Emilio Dorigatti · Answer 3 · Wed May 06 2015 16:32:32 GMT+0800 (China Standard Time)

There is some java code in the grammar file which is simply copy-pasted
into the generated python code. I think I managed to convert it correctly,
now I am trying to use the generated code

On Wed, May 6, 2015, 10:15 Marco Fossati notifications@github.com wrote:

On 5/5/15 7:53 PM, Emilio Dorigatti wrote:

Hello Marco, I found out that antlr4 is able to produce python output
given a grammar file.
Perfect!
This would be ideal but the grammar you provided
contains java code instead of python code. Are you using some kind of
tool to automate the generation of this grammar?
Nope, it's manually curated.
How hard do you think
it is to convert that code to python?
I don't know, but shouldn't the grammar syntax/rules be independent from
the implementation?
Maybe you just have to change the import statements and the classes we
are using, please check.

—
Reply to this email directly or view it on GitHub
<
#43 (comment)
.

—
Reply to this email directly or view it on GitHub
#43 (comment)
.

Marco Fossati · Answer 4 · Wed May 06 2015 16:47:13 GMT+0800 (China Standard Time)

BTW, please refer to #44 for the work you've been doing up to now.

Emilio Dorigatti · Answer 5 · Wed May 06 2015 18:46:27 GMT+0800 (China Standard Time)

I cannot really understand how to use this. Given the sentence il campionato si svolgerà nel corso delle prossime 3 settimane, the result is

$ java -cp "/home/emilio/GSoC/lib/antlr-4.5-complete.jar:$CLASSPATH" org.antlr.v4.runtime.misc.TestRig DateAndTime week_duration test -tree
line 1:3 token recognition error at: 'ca'
line 1:5 token recognition error at: 'mp'
line 1:8 token recognition error at: 'on'
line 1:11 token recognition error at: 'to'
line 1:14 token recognition error at: 'si'
line 1:17 token recognition error at: 'sv'
line 1:19 token recognition error at: 'ol'
line 1:21 token recognition error at: 'ger'
line 1:24 token recognition error at: 'à'
line 1:0 no viable alternative at input 'il'
(week_duration il i a nel corso delle prossime 3 settimane)

Isn't this parser supposed to take as input the whole sentence and understand which rule to apply?
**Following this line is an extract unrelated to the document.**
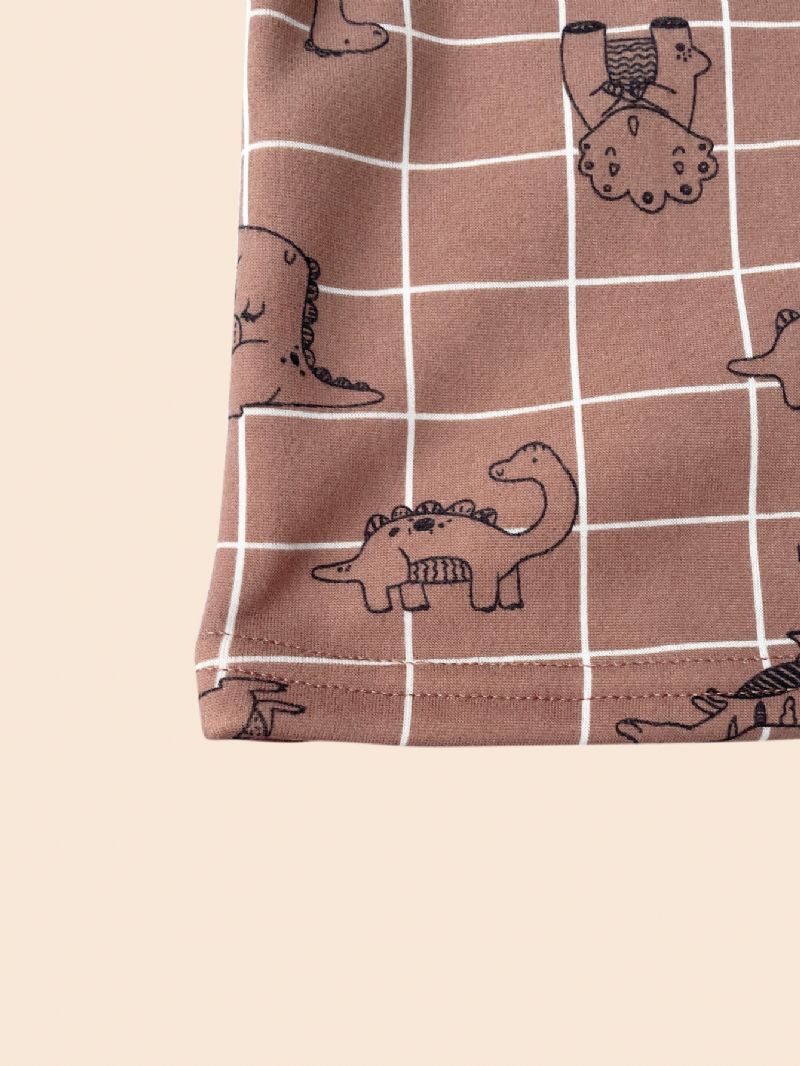 Nyt Efterår Og Vinter Drenge Og Piger Tykke Langærmet Pyjamassæt Med Dinosaurtryk Varmt Loungetøj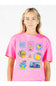 Simply Southern x Peeps Plus Size Stickers Mineral Wash T-Shirt for Women in Blush Berry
Or will we need to try all the rules?

Marco Fossati · Answer 6 · Wed May 06 2015 20:26:28 GMT+0800 (China Standard Time)

Not sure what the class you call is doing.
I used to generate the parser and lexer classes by just invoking the jar:
java -jar antlr-4.5-complete.jar DateAndTime.g4
Then the generated parser is supposed to apply the rules and output the transformation.

Marco Fossati · Answer 7 · Wed May 06 2015 20:28:38 GMT+0800 (China Standard Time)

But beware of the FIXME comments in the grammar file!
We need first to implement the Date objects and enumerations.

Emilio Dorigatti · Answer 8 · Wed May 06 2015 20:30:15 GMT+0800 (China Standard Time)

Yes, I did implement DateEntity and DateEnum, then generated the parser and the lexer with the command you posted. Now how can I apply the rules to a sample sentence?

Marco Fossati · Answer 9 · Wed May 06 2015 20:47:35 GMT+0800 (China Standard Time)

I implemented a class that consumes the generated ANTLR ones.
This is the minimal code to make them run.
Then you have to process the parser.results, which should be a list of DateEntity objects.

                String entityValue = "foo"
                if (entityValue != null) {
                        // Set up parser
                        DateAndTimeParser parser = new DateAndTimeParser(null);
                        parser.setBuildParseTree(false); // Don't need trees
                        // Set up lexer
                        ANTLRInputStream input = new ANTLRInputStream(entityValue);
                        DateAndTimeLexer lexer = new DateAndTimeLexer(input);
                        lexer.setLine(1); // Notify lexer of input position
                        lexer.setCharPositionInLine(0);
                        CommonTokenStream tokens = new CommonTokenStream(lexer);
                        parser.setInputStream(tokens); // Notify parser of new token stream
                        // Start the parser, make sure it doesn't crash in case of unrecognized expressions
                        try {
                                parser.value();
                        } catch (Exception e) {
                                e.printStackTrace();
                                _logger.warning("Skipping normalization for badly stated entity");
                        }
                        // parser.results should be a list of normalized expressions.

Emilio Dorigatti · Answer 10 · Wed May 06 2015 23:57:18 GMT+0800 (China Standard Time)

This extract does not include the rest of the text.